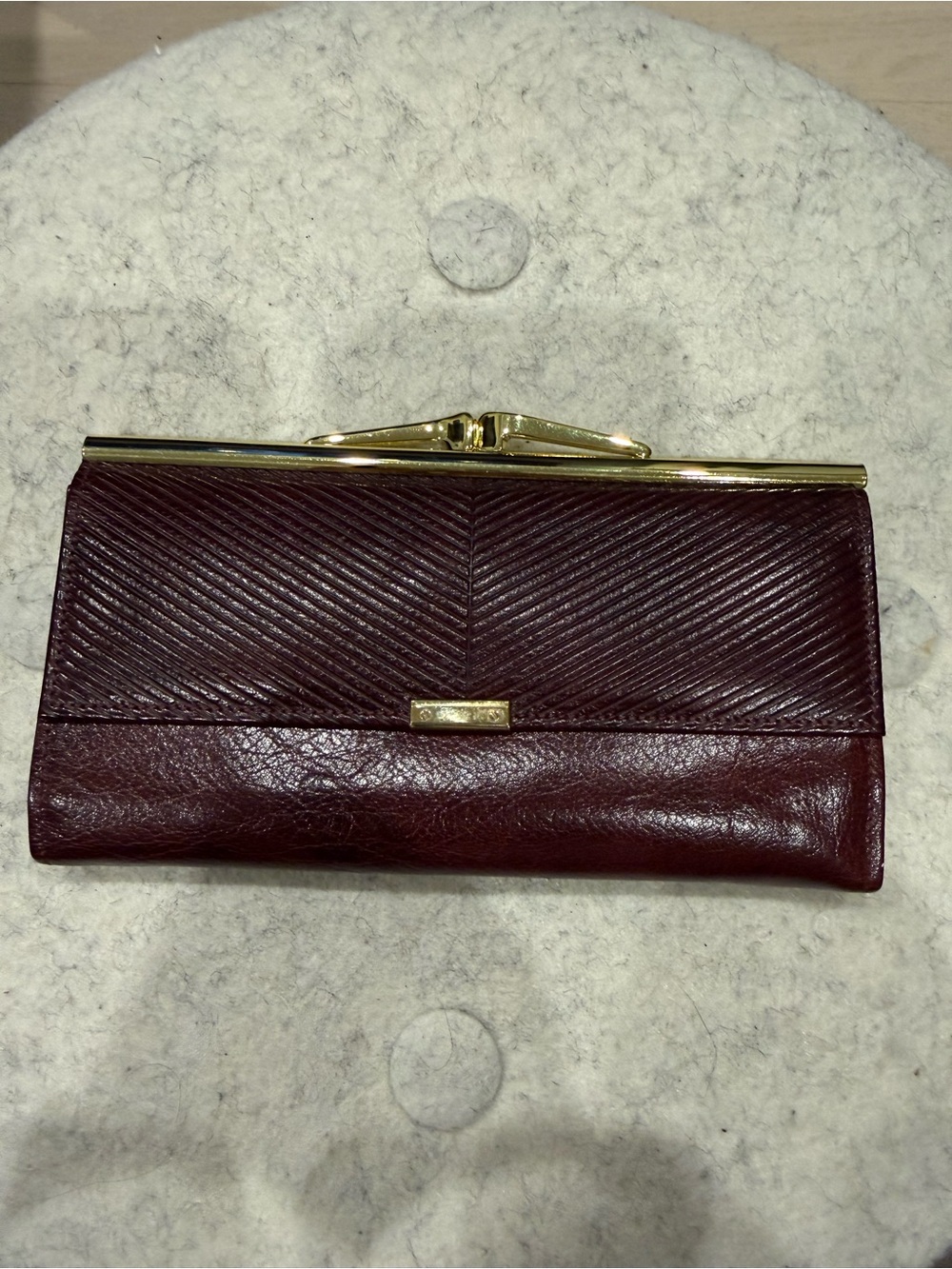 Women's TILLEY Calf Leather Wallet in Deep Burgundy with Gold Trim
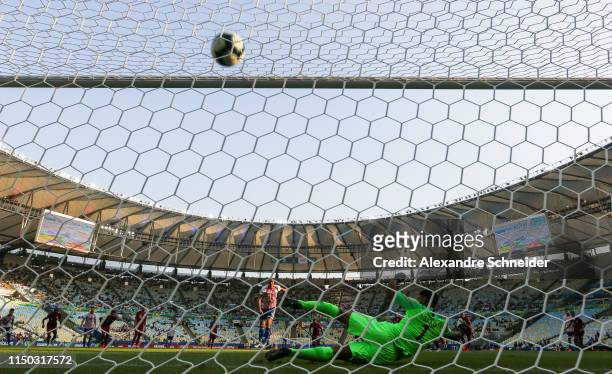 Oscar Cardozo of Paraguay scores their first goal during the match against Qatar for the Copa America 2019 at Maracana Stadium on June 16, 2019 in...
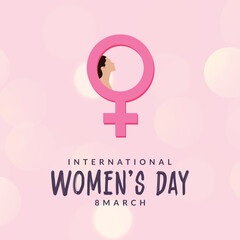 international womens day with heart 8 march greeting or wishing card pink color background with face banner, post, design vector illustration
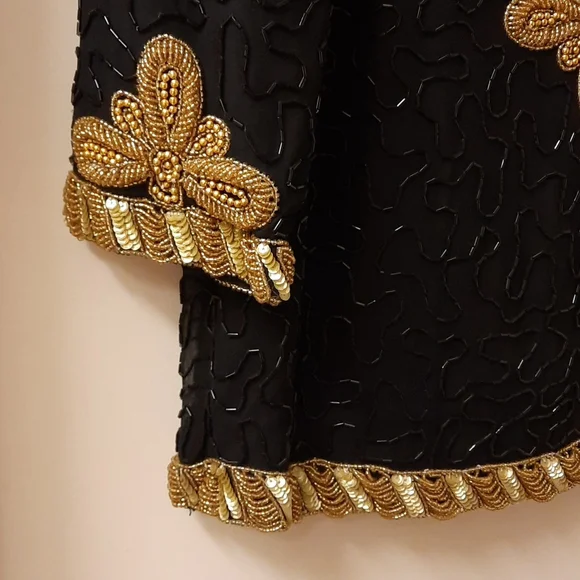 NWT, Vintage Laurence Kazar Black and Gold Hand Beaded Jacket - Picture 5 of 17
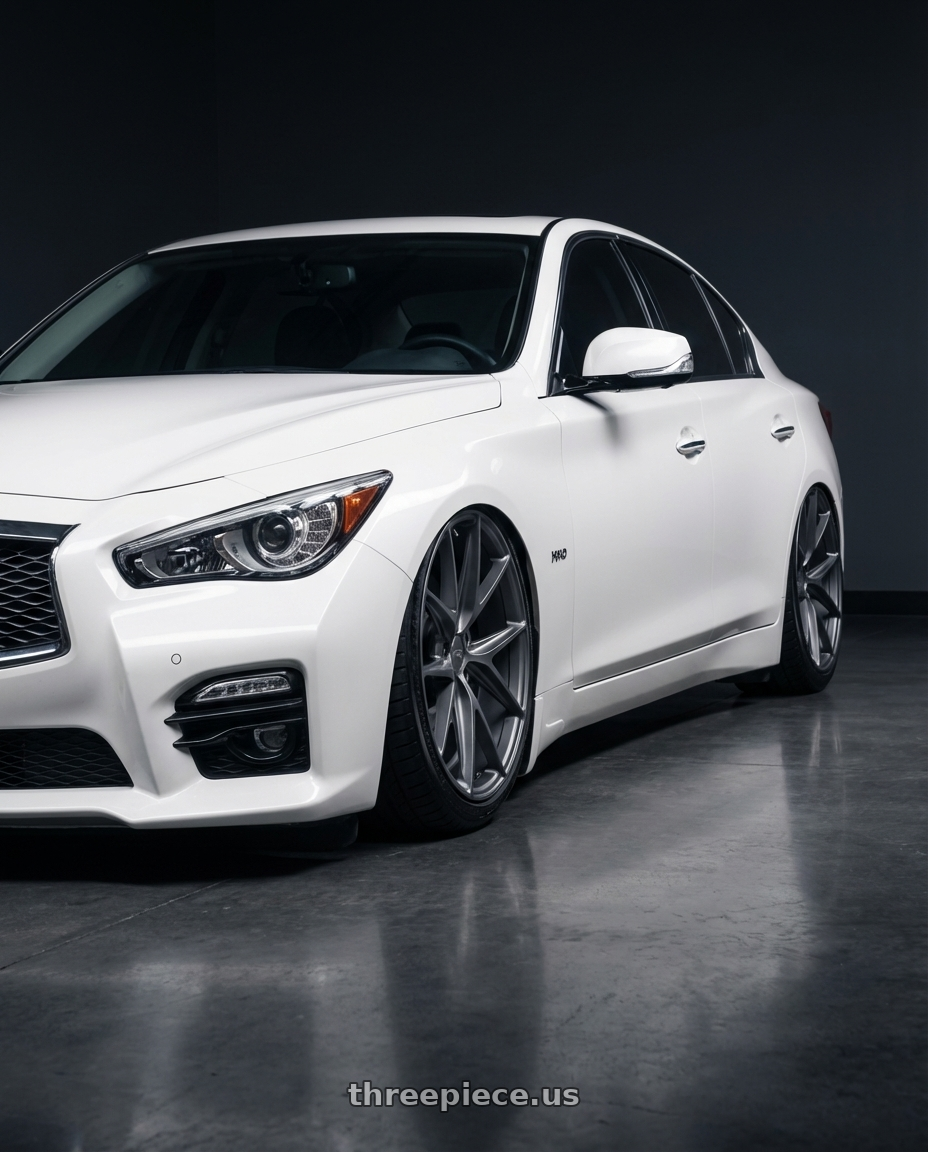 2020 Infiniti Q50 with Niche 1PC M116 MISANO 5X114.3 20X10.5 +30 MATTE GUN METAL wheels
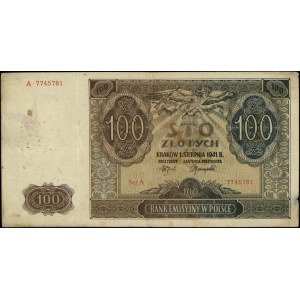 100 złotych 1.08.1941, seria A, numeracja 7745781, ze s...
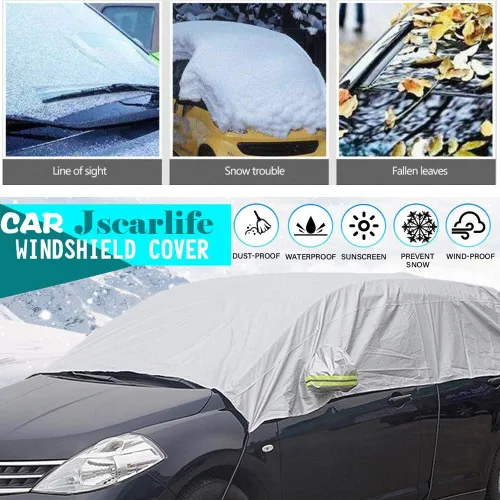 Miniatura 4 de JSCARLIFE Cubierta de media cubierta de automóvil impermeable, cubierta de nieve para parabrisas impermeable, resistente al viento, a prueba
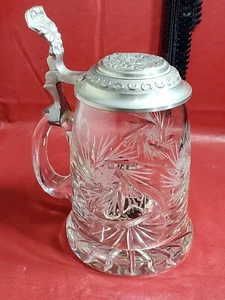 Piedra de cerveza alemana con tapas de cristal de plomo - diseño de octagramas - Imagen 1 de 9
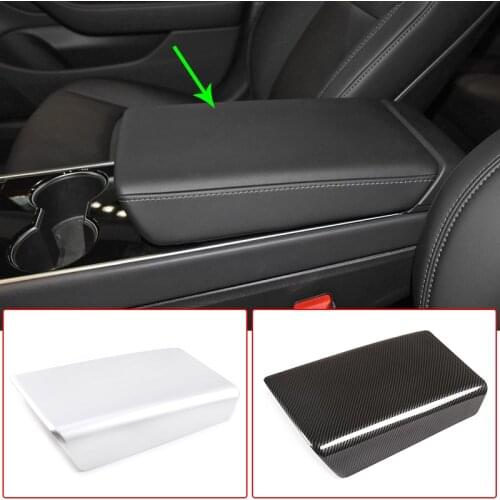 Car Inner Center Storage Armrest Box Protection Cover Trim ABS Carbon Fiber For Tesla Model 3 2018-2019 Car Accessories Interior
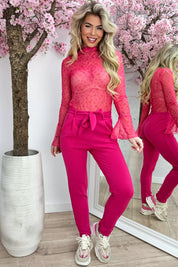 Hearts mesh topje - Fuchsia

---

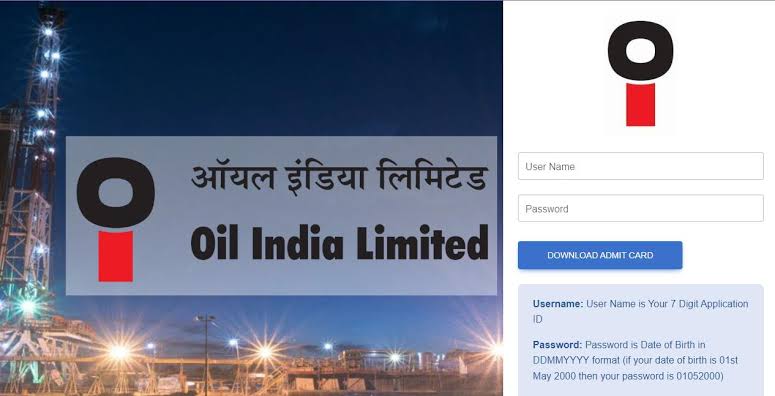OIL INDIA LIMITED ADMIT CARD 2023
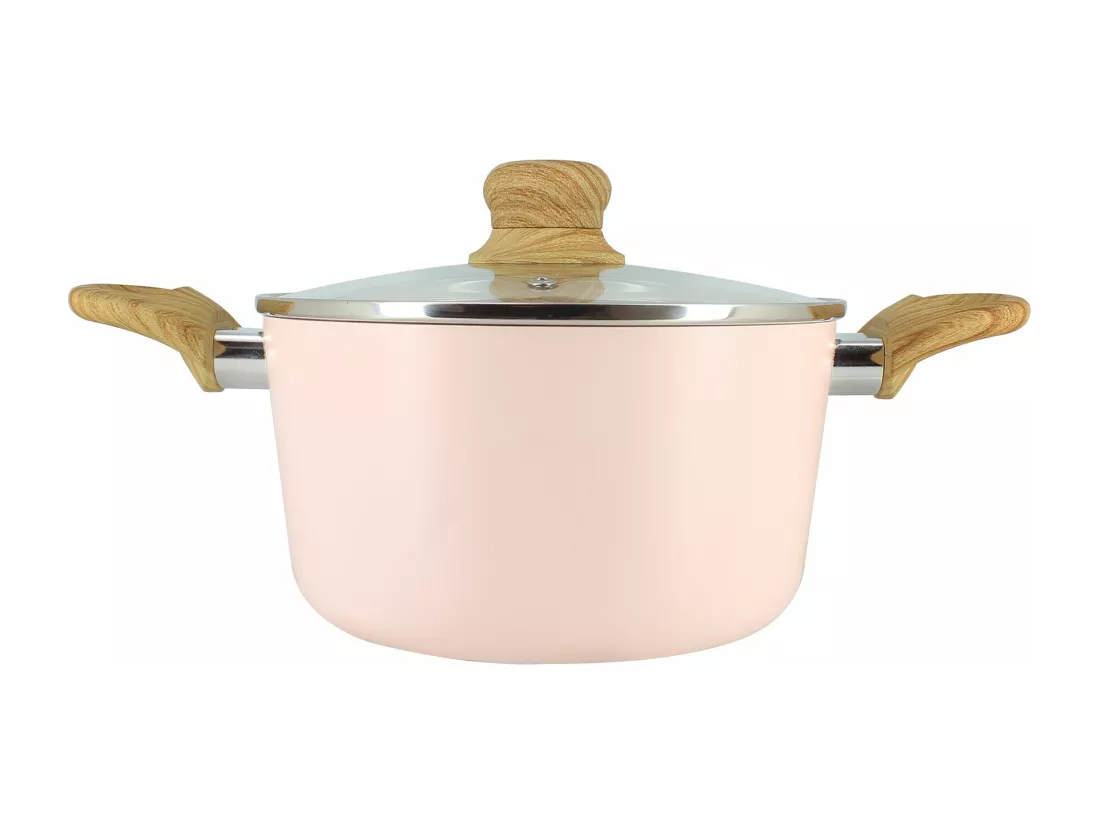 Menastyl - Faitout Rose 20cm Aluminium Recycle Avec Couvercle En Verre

==

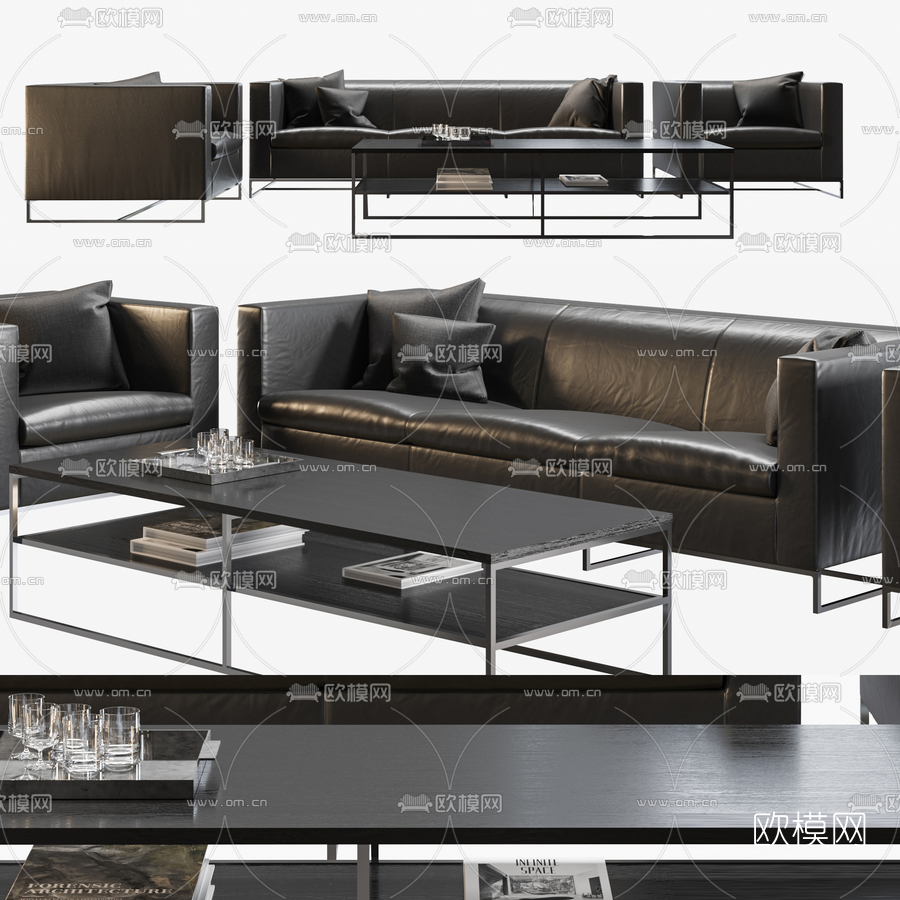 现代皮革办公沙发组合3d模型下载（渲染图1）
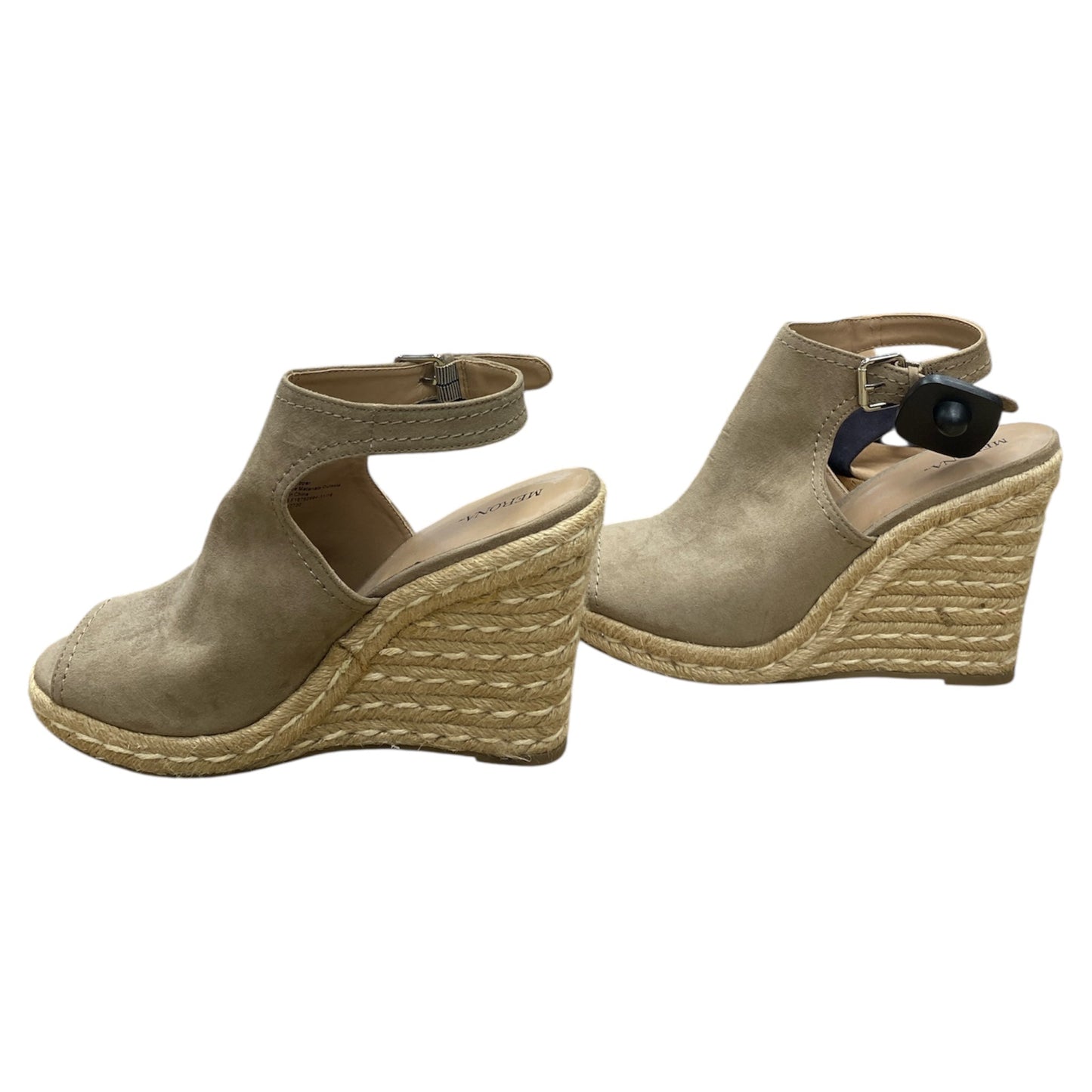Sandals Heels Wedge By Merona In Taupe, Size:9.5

WORK ITEM: Within these entries, output exactly the lines starting at the one with "Piedra de cerveza" and finishing at the one with "Hearts mesh topje - Fuchsia". Leave pictures out of the output.

EXERCISE RESPONSE:
 Piedra de cerveza alemana con tapas de cristal de plomo - diseño de octagramas - Imagen 1 de 9
 Car Inner Center Storage Armrest Box Protection Cover Trim ABS Carbon Fiber For Tesla Model 3 2018-2019 Car Accessories Interior
 Hearts mesh topje - Fuchsia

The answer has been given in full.